Mudik Lebaran 2026 Butuh Reformasi Transportasi
- by Laili Fithriyah
- Editor Erik Hamzah
- 18 Jan 2026
- Jakarta
RRI.CO.ID, Jakarta - Akademisi transportasi
Djoko Setijowarno menilai Mudik Lebaran 2026 membutuhkan kebijakan lebih menyeluruh.Menurutnya, mudik tidak hanya soal lalu lintas, tetapi keselamatan dan keadilan negara, maka dibutuhkan reformasi transportasi.
“Lebaran itu kewajiban kultural, pergerakannya pasti jauh lebih besar dari Nataru,” ujar Djoko kepada Pro 1 RRI Jakarta, Minggu 18 Januari 2026. Ia menilai karakter mudik Lebaran tidak bisa disamakan dengan libur akhir tahun.

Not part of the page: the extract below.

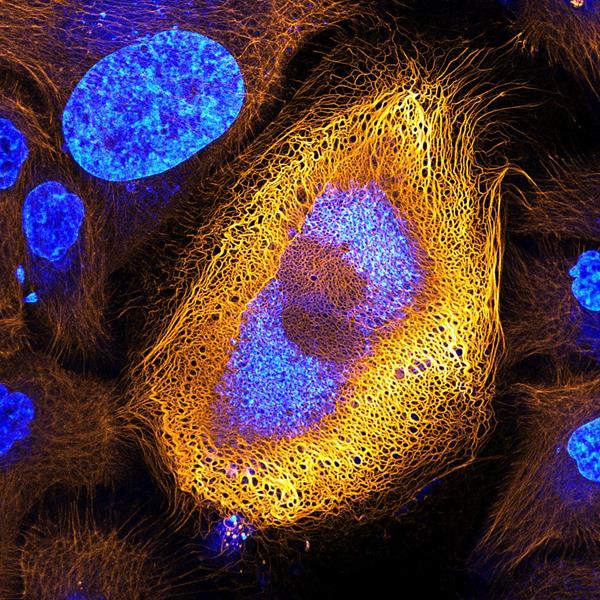 Immortalized human skin cells (HaCaT keratinocytes) expressing fluorescently tagged keratin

Perilaku Mudik Berbeda dengan Nataru
Djoko menjelaskan Nataru bersifat wisata dan cenderung opsional.
Sementara mudik Lebaran didorong tradisi, THR, dan kebutuhan pulang kampung.
“Pada Lebaran, orang tetap berangkat meski ekonomi sedang ketat,” katanya.

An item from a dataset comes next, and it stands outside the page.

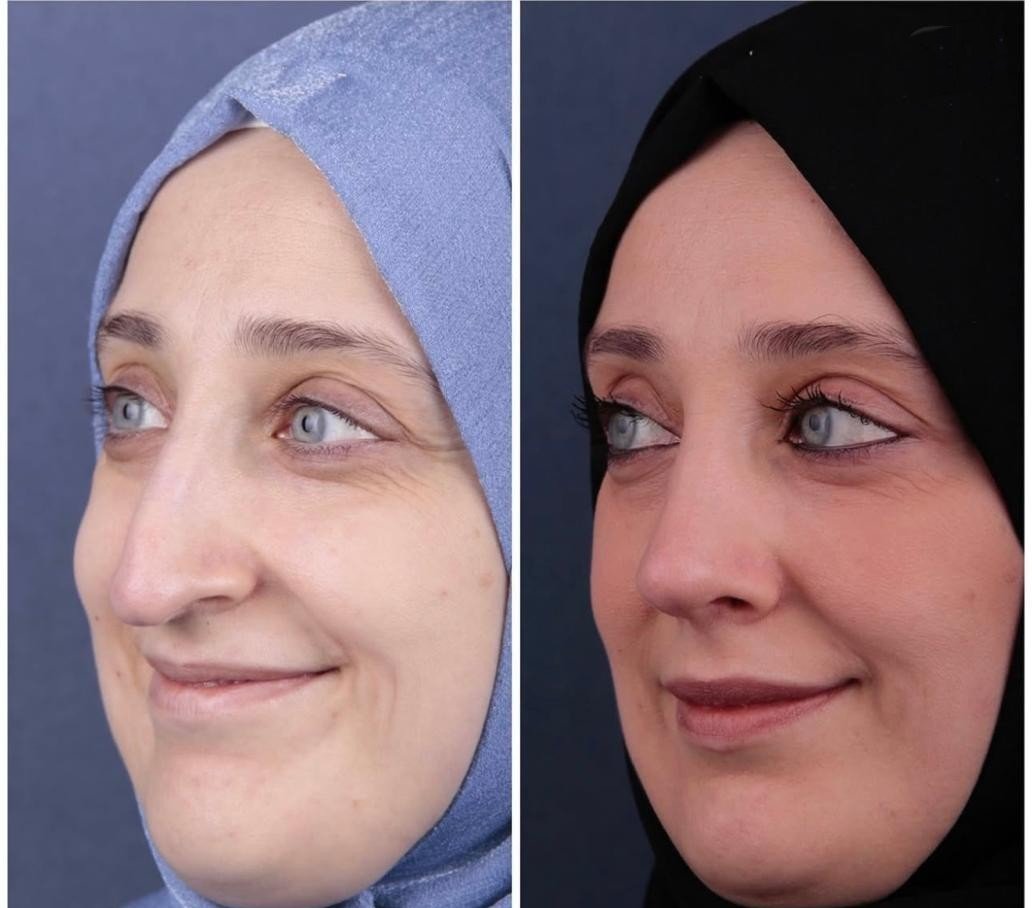 Before and after result by Dr. Yavuz Selim Yıldırım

Ia menyebut fenomena mudik tetap jalan, dompet tetap perhitungan.
Angkutan Umum Daerah Masih Lemah
Djoko menilai lemahnya angkutan umum daerah mendorong munculnya travel gelap.
Kondisi ini membuat pemudik terpaksa membawa kendaraan pribadi.

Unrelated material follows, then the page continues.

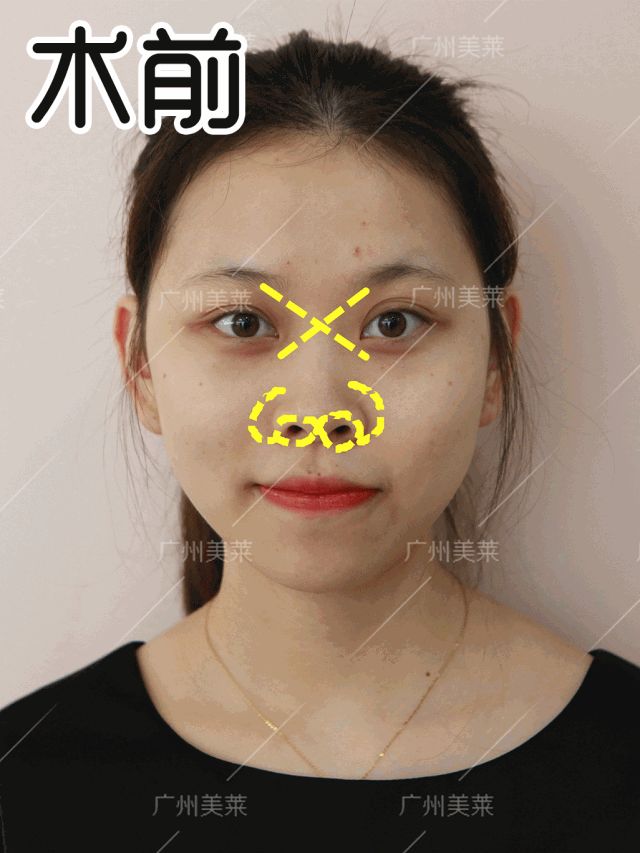 https://img.miyanlife.com/mnt/timg/180906/113930A28-4.jpg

“Travel gelap itu tanda negara belum hadir di transportasi lokal,” ujarnya.
Ia menegaskan pembenahan daerah tidak bisa terus menunggu.
Mudik Gratis Perlu Satu Platform
Program mudik gratis dinilai perlu integrasi nasional.
Pendaftaran ganda masih menyebabkan kursi kosong dan tidak tepat sasaran.
“Semua mudik gratis harus satu data dan satu sistem,” kata Djoko.
Ia mendorong platform tunggal di bawah Kementerian Perhubungan.
Mudik Sepeda Motor Harus Dikurangi
Djoko menilai mudik sepeda motor berisiko tinggi terhadap keselamatan.
Terutama bagi pemudik yang membawa anak-anak.
Logistik Jangan Terus Dikorbankan
Pembatasan truk dinilai berdampak besar terhadap ekonomi dan pengemudi.
Djoko menilai solusi bukan menghentikan logistik jalan raya.
“Logistik harus dialihkan ke rel dan laut, bukan dimatikan,” katanya.
Ia mendorong pemanfaatan jalur kereta dan moda laut secara optimal.
Ukuran Keberhasilan Harus Diubah
Djoko menegaskan keberhasilan mudik tidak cukup diukur dari kelancaran.
Negara harus melindungi nyawa tanpa mengorbankan ekonomi.
“Lancar itu penting, tapi keselamatan dan keadilan jauh lebih utama,” pungkasnya.